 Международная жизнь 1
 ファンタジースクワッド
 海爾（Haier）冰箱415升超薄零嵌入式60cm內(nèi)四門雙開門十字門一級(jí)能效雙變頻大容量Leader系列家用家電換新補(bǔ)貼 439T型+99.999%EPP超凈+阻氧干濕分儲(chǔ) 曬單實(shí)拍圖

* **TASK INSTRUCTIONS**
Transcribe all of the data above, character for character.

* **RESULT OF THE TASK**
 Международная жизнь 1
 ファンタジースクワッド
 海爾（Haier）冰箱415升超薄零嵌入式60cm內(nèi)四門雙開門十字門一級(jí)能效雙變頻大容量Leader系列家用家電換新補(bǔ)貼 439T型+99.999%EPP超凈+阻氧干濕分儲(chǔ) 曬單實(shí)拍圖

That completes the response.